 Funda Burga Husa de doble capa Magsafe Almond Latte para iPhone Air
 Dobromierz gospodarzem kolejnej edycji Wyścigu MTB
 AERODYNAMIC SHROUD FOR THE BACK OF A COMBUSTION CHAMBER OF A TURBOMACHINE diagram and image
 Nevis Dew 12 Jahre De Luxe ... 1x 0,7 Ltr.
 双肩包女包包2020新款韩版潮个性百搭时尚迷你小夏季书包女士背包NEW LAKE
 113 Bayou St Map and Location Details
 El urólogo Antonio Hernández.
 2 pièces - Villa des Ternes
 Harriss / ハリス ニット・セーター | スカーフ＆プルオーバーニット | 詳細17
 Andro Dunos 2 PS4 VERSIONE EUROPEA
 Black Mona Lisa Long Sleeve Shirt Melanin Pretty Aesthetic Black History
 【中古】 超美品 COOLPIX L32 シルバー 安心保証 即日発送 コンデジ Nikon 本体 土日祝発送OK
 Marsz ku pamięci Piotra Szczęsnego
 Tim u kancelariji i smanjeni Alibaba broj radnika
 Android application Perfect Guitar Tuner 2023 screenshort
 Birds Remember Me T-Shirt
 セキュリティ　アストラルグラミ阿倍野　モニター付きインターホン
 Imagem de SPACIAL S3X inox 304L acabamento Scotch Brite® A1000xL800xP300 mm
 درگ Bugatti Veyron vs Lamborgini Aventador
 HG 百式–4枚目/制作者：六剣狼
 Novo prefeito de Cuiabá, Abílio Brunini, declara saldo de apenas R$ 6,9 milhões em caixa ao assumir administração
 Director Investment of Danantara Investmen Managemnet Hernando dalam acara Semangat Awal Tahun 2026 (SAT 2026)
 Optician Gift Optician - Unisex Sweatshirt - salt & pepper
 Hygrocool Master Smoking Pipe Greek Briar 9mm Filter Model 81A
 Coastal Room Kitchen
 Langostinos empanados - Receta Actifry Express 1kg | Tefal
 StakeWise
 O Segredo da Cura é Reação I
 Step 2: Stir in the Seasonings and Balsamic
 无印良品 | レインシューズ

..........

Description of the task: Set down every line of the listing again, exactly.

Written response:
 Funda Burga Husa de doble capa Magsafe Almond Latte para iPhone Air
 Dobromierz gospodarzem kolejnej edycji Wyścigu MTB
 AERODYNAMIC SHROUD FOR THE BACK OF A COMBUSTION CHAMBER OF A TURBOMACHINE diagram and image
 Nevis Dew 12 Jahre De Luxe ... 1x 0,7 Ltr.
 双肩包女包包2020新款韩版潮个性百搭时尚迷你小夏季书包女士背包NEW LAKE
 113 Bayou St Map and Location Details
 El urólogo Antonio Hernández.
 2 pièces - Villa des Ternes
 Harriss / ハリス ニット・セーター | スカーフ＆プルオーバーニット | 詳細17
 Andro Dunos 2 PS4 VERSIONE EUROPEA
 Black Mona Lisa Long Sleeve Shirt Melanin Pretty Aesthetic Black History
 【中古】 超美品 COOLPIX L32 シルバー 安心保証 即日発送 コンデジ Nikon 本体 土日祝発送OK
 Marsz ku pamięci Piotra Szczęsnego
 Tim u kancelariji i smanjeni Alibaba broj radnika
 Android application Perfect Guitar Tuner 2023 screenshort
 Birds Remember Me T-Shirt
 セキュリティ　アストラルグラミ阿倍野　モニター付きインターホン
 Imagem de SPACIAL S3X inox 304L acabamento Scotch Brite® A1000xL800xP300 mm
 درگ Bugatti Veyron vs Lamborgini Aventador
 HG 百式–4枚目/制作者：六剣狼
 Novo prefeito de Cuiabá, Abílio Brunini, declara saldo de apenas R$ 6,9 milhões em caixa ao assumir administração
 Director Investment of Danantara Investmen Managemnet Hernando dalam acara Semangat Awal Tahun 2026 (SAT 2026)
 Optician Gift Optician - Unisex Sweatshirt - salt & pepper
 Hygrocool Master Smoking Pipe Greek Briar 9mm Filter Model 81A
 Coastal Room Kitchen
 Langostinos empanados - Receta Actifry Express 1kg | Tefal
 StakeWise
 O Segredo da Cura é Reação I
 Step 2: Stir in the Seasonings and Balsamic
 无印良品 | レインシューズ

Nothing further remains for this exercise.